[systemd-devel] journal fragmentation on Btrfs

Mon Apr 17 14:01:48 UTC 2017

Am Mon, 17 Apr 2017 11:57:21 +0200
schrieb Lennart Poettering <lennart at poettering.net>:

> On Sun, 16.04.17 14:30, Chris Murphy (lists at colorremedies.com) wrote:
> 
> > Hi,
> > 
> > This is on a Fedora 26 workstation (systemd-233-3.fc26.x86_64)
> > that's maybe a couple weeks old and was clean installed. Drive is
> > NVMe.
> > 
> > 
> > # filefrag *
> > system.journal: 9283 extents found
> > user-1000.journal: 3437 extents found
> > # lsattr
> > ----------------C-- ./system.journal
> > ----------------C-- ./user-1000.journal
> > 
> > I do manual snapshots before software updates, which means new
> > writes to these files are subject to COW, but additional writes to
> > the same extents are overwrites and are not COW because of chattr
> > +C. I've used this same strategy for a long time, since
> > systemd-journald defaults to +C for journal files; but I've not
> > seen them get this fragmented this quickly.
> >  
> 
> IIRC NOCOW only has an effect if set right after the file is created
> before the first write to it is done. Or in other words, you cannot
> retroactively make a file NOCOW. This means that if you in one way or
> another make a COW copy of a file (through reflinking — implicit or
> not, note that "cp" reflinks by default — or through snapshotting or
> something else) the file is COW and you'll get fragmentation.
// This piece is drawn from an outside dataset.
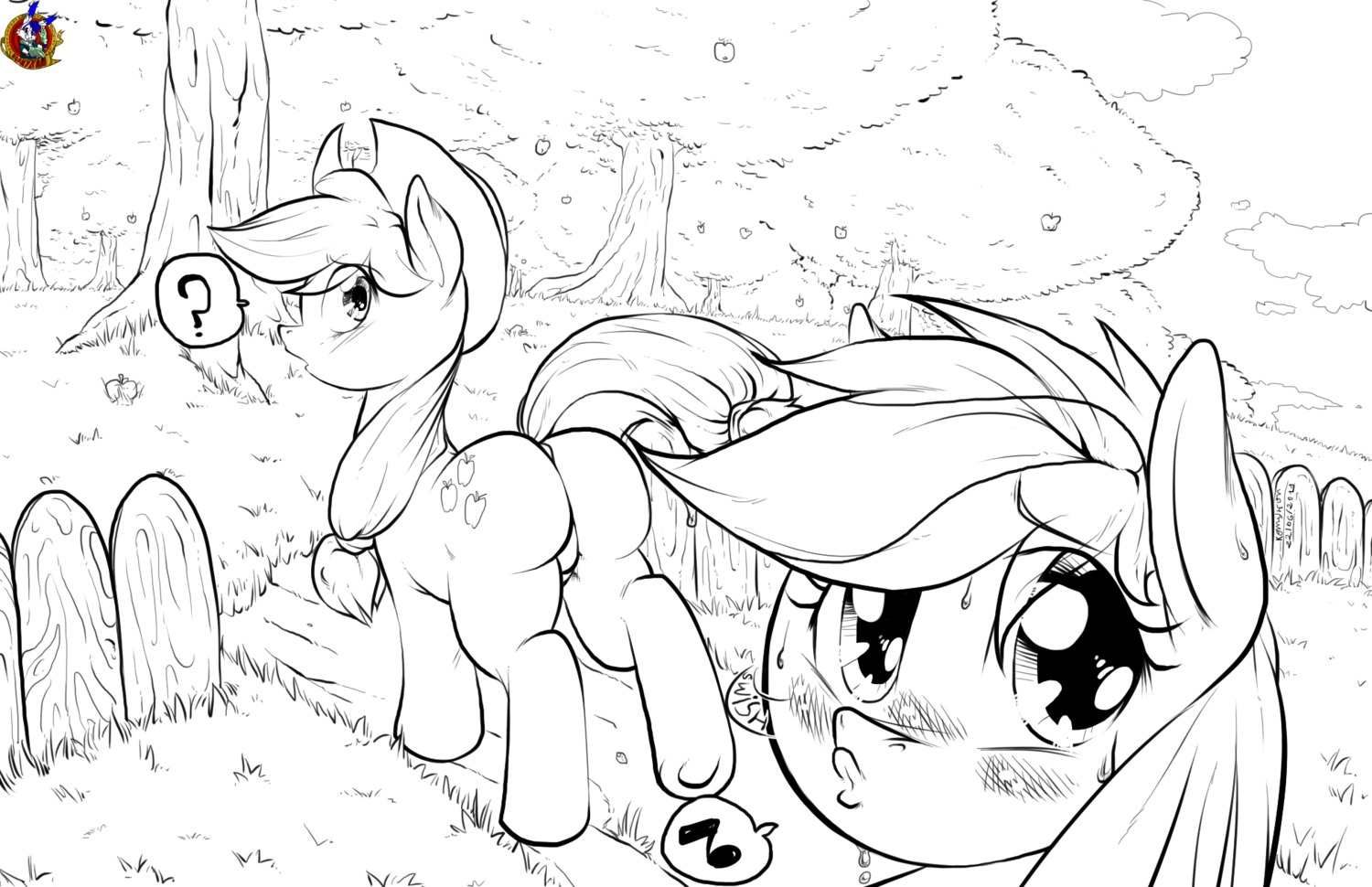 applejack_(mlp) ass blush earth_pony equine female feral friendship_is_magic hasbro horse konny_kon my_little_pony pegasus pony rainbow_dash_(mlp) rule34 straight_hair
To mark a file nocow, it has to exist with zero bytes and never
been written to. The nocow attribute (chattr +C) will be inherited from
the directory upon creation of a file. So the best way to go is setting
+C on the directory and all future files of the journal would be nocow.

You can still do snapshots, nocow doesn't prohibit that and doesn't
make journals cow again. What happens is that btrfs simply unshares
extents as soon as you write to the snapshot. The newly created extent
itself will behave like nocow again. If the extents are big enough,
this shouldn't introduce any serious fragmentation, just waste space.
Btrfs won't split extents upon unsharing them during a write. It may,
however, "replace" only part of the unshared extent thus making three
new: two sharing the old copy, one having the new data. But since
journals are append only, that should be no problem. It's just that the
data is written so slowly that writes almost never become combined into
one single writes, resulting in many extents.

> I am not entirely sure what to recommend you. Ultimately whether btrfs
> fragments or not, is probably something you have to discuss with the
> btrfs folks. We do try to make the best of btrfs, by managing the COW
> flag, but this only helps you to a limited degree as
> snapshots/reflinks will fuck things up anyway...

Well, usually you shouldn't have to manage the cow flag at all: Just
set it once for the newly created journal directory and everything is
fine. And even then, people may not want this so they could easily
unset the flag on the directory and rotate the journal.

> We also ask btrfs to defrag the file as soon as we mark it as
> archived...

This makes sense. And I've learned that journal on btrfs works much
better if you use many small files vs. a few big files. I've currently
set the journal size limit to 8 MB for that reason which gives me very
good performance.

> I'd even be willing to extend on that, and defrag the file
> on other events too, for example if it ends up being too heavily
> fragmented.

Since the append behavior of btrfs is so bad wrt journal files, it
should be enough to simply let btrfs defrag the previous written
journal block upon append the file: Lennart, I think you are hinting the
OS that the file is going to grow and thus truncate it to 8 MB beyond
the current end of file to continue writing. That would be a good event
to let btrfs defrag the old 8 MB block (and just that, not the complete
file). If this works well, you could maybe skip defragging the complete
file upon rotation which should improve disk io performance during
rotation.

I think the default extent size hint for defragging with btrfs defrag
has been set to 32 MB lately, so it would be enough to maybe do the
above step every 32 MB.

> But last time I looked btrfs didn't have any nice API for
> that, that would have a clear focus on a single file only...

The high number of extents may not be an indicator for fragmentation
when btrfs compression is used. Compressed data will be organized in
logical 128k units which are reported as fragments to filefrag, in
reality they are laid out continuously on disk, so no fragmentation.
It would be interesting to see the blockmap of this.

-- 
Regards,
Kai

Replies to list-only preferred.